Mitglied inaktiv
Hallo! Ich bin jetzt in der 11. SSW und im EH beschäftigt. Ich bin aufgrund von privaten Problemen und Deppressionen seit über 3 Jahren in Therapie. Im März dieses Jahres wurde ich in eine andere Abteilung gesteckt, obwohl ich nicht damit einverstanden war. In dieser Abteilung arbeiten nur ignorante Frauen, die überhaupt kein Verständnis für Schwangere haben.

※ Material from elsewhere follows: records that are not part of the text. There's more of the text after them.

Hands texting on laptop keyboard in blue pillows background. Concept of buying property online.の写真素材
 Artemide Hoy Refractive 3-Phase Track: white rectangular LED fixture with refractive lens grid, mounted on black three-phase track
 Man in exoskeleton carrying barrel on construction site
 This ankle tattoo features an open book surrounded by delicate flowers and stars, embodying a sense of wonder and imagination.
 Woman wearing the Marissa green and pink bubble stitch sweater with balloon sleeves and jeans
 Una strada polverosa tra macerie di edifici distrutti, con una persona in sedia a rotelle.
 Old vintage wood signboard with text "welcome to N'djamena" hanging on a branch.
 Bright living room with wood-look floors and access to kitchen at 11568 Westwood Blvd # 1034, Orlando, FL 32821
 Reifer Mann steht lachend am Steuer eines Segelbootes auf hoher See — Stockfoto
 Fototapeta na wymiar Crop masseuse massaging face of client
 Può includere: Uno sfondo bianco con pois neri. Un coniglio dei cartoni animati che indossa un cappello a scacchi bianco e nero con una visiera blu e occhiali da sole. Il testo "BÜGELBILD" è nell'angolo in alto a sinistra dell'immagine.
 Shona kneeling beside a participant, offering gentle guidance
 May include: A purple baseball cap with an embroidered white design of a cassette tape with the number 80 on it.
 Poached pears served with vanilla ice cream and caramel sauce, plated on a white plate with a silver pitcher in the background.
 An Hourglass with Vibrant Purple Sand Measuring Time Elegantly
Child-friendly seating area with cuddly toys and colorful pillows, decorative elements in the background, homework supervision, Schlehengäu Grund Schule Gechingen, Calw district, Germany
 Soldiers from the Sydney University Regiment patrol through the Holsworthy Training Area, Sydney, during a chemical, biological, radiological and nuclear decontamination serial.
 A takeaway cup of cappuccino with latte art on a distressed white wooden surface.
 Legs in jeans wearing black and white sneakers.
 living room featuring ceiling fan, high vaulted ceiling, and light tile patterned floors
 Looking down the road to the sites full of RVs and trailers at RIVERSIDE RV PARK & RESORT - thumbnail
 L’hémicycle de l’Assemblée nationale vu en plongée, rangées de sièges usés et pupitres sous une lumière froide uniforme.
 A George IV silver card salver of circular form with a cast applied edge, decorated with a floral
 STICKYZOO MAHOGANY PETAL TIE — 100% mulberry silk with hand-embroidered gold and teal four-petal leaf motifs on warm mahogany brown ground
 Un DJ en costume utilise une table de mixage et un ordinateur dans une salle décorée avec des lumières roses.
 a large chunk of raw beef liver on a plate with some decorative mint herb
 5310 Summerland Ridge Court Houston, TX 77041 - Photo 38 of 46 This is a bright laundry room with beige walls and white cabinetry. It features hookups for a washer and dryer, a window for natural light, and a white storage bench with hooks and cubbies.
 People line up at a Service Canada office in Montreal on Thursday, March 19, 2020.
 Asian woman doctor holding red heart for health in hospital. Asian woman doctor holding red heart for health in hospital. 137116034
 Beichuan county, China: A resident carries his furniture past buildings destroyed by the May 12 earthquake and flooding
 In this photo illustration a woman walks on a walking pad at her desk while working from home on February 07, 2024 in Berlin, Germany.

Nun meine Frage, inwieweit kann ich aufgrund von psychischem Problemen bzw Stress am Arbeitsplatz eventuell eine Krankschreibung bis zur Geburt bzw ein Beschäftigungsverbot bekommen? War heute sowohl beim Frauenarzt als auch beim Hausarzt und beide sagen, eine Schwangerschaft ist keine Krankheit und Stress am Arbeitsplatz zählt nicht. Vielleicht kann mir ja irgendjemand weiter helfen. Ich kann bald nicht mehr und könnte heulen. Danke im Vorraus.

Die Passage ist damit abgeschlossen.